Problem to solve
The response must restate the data exactly, with nothing left out.
** Opening Provided information block **
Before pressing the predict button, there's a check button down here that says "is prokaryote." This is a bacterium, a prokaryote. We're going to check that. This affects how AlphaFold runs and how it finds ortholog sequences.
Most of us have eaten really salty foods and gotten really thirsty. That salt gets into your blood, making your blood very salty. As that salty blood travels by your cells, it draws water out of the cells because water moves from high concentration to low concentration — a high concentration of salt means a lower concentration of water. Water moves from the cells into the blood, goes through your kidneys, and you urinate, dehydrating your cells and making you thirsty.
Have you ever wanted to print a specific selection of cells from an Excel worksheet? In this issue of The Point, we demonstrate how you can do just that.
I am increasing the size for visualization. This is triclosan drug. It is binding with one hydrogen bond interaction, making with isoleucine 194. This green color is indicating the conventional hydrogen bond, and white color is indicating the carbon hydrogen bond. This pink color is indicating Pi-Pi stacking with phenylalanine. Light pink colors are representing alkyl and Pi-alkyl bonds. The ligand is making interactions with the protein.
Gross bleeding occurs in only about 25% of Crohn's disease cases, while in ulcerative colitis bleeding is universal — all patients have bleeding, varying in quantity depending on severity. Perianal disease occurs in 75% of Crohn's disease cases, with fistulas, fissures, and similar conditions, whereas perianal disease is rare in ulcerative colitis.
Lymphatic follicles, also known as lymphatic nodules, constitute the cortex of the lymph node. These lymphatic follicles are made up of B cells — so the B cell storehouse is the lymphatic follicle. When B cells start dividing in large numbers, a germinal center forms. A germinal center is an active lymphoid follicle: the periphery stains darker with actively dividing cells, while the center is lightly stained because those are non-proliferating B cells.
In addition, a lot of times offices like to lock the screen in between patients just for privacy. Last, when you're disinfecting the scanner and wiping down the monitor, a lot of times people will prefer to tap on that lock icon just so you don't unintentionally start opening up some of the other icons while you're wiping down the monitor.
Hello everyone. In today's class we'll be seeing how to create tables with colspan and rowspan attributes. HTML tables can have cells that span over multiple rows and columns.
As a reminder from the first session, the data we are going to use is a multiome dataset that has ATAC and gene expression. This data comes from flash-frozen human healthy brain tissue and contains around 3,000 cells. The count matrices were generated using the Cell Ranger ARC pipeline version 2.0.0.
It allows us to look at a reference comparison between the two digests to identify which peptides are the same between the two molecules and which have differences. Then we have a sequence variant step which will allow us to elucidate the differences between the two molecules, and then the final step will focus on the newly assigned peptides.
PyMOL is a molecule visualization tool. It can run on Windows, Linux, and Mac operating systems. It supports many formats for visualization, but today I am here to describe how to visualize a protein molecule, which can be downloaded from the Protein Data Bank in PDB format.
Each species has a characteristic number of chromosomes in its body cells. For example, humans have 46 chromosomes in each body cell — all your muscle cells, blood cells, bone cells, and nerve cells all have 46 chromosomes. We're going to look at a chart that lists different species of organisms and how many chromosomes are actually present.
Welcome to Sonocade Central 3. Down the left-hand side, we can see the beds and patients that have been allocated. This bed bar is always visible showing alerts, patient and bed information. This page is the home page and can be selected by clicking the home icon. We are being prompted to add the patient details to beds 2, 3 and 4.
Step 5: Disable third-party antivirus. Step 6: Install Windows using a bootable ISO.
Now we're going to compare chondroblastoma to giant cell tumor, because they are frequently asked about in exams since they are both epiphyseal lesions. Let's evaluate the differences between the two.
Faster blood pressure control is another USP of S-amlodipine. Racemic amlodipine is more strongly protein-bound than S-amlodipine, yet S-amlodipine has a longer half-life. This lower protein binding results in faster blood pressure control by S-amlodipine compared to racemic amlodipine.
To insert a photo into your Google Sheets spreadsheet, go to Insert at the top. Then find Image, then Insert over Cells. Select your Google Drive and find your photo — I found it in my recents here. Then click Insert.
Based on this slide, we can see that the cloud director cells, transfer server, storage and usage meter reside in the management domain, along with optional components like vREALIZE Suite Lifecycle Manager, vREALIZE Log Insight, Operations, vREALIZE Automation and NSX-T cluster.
** Closing Provided information block **
Completed exercise
Before pressing the predict button, there's a check button down here that says "is prokaryote." This is a bacterium, a prokaryote. We're going to check that. This affects how AlphaFold runs and how it finds ortholog sequences.
Most of us have eaten really salty foods and gotten really thirsty. That salt gets into your blood, making your blood very salty. As that salty blood travels by your cells, it draws water out of the cells because water moves from high concentration to low concentration — a high concentration of salt means a lower concentration of water. Water moves from the cells into the blood, goes through your kidneys, and you urinate, dehydrating your cells and making you thirsty.
Have you ever wanted to print a specific selection of cells from an Excel worksheet? In this issue of The Point, we demonstrate how you can do just that.
I am increasing the size for visualization. This is triclosan drug. It is binding with one hydrogen bond interaction, making with isoleucine 194. This green color is indicating the conventional hydrogen bond, and white color is indicating the carbon hydrogen bond. This pink color is indicating Pi-Pi stacking with phenylalanine. Light pink colors are representing alkyl and Pi-alkyl bonds. The ligand is making interactions with the protein.
Gross bleeding occurs in only about 25% of Crohn's disease cases, while in ulcerative colitis bleeding is universal — all patients have bleeding, varying in quantity depending on severity. Perianal disease occurs in 75% of Crohn's disease cases, with fistulas, fissures, and similar conditions, whereas perianal disease is rare in ulcerative colitis.
Lymphatic follicles, also known as lymphatic nodules, constitute the cortex of the lymph node. These lymphatic follicles are made up of B cells — so the B cell storehouse is the lymphatic follicle. When B cells start dividing in large numbers, a germinal center forms. A germinal center is an active lymphoid follicle: the periphery stains darker with actively dividing cells, while the center is lightly stained because those are non-proliferating B cells.
In addition, a lot of times offices like to lock the screen in between patients just for privacy. Last, when you're disinfecting the scanner and wiping down the monitor, a lot of times people will prefer to tap on that lock icon just so you don't unintentionally start opening up some of the other icons while you're wiping down the monitor.
Hello everyone. In today's class we'll be seeing how to create tables with colspan and rowspan attributes. HTML tables can have cells that span over multiple rows and columns.
As a reminder from the first session, the data we are going to use is a multiome dataset that has ATAC and gene expression. This data comes from flash-frozen human healthy brain tissue and contains around 3,000 cells. The count matrices were generated using the Cell Ranger ARC pipeline version 2.0.0.
It allows us to look at a reference comparison between the two digests to identify which peptides are the same between the two molecules and which have differences. Then we have a sequence variant step which will allow us to elucidate the differences between the two molecules, and then the final step will focus on the newly assigned peptides.
PyMOL is a molecule visualization tool. It can run on Windows, Linux, and Mac operating systems. It supports many formats for visualization, but today I am here to describe how to visualize a protein molecule, which can be downloaded from the Protein Data Bank in PDB format.
Each species has a characteristic number of chromosomes in its body cells. For example, humans have 46 chromosomes in each body cell — all your muscle cells, blood cells, bone cells, and nerve cells all have 46 chromosomes. We're going to look at a chart that lists different species of organisms and how many chromosomes are actually present.
Welcome to Sonocade Central 3. Down the left-hand side, we can see the beds and patients that have been allocated. This bed bar is always visible showing alerts, patient and bed information. This page is the home page and can be selected by clicking the home icon. We are being prompted to add the patient details to beds 2, 3 and 4.
Step 5: Disable third-party antivirus. Step 6: Install Windows using a bootable ISO.
Now we're going to compare chondroblastoma to giant cell tumor, because they are frequently asked about in exams since they are both epiphyseal lesions. Let's evaluate the differences between the two.
Faster blood pressure control is another USP of S-amlodipine. Racemic amlodipine is more strongly protein-bound than S-amlodipine, yet S-amlodipine has a longer half-life. This lower protein binding results in faster blood pressure control by S-amlodipine compared to racemic amlodipine.
To insert a photo into your Google Sheets spreadsheet, go to Insert at the top. Then find Image, then Insert over Cells. Select your Google Drive and find your photo — I found it in my recents here. Then click Insert.
Based on this slide, we can see that the cloud director cells, transfer server, storage and usage meter reside in the management domain, along with optional components like vREALIZE Suite Lifecycle Manager, vREALIZE Log Insight, Operations, vREALIZE Automation and NSX-T cluster.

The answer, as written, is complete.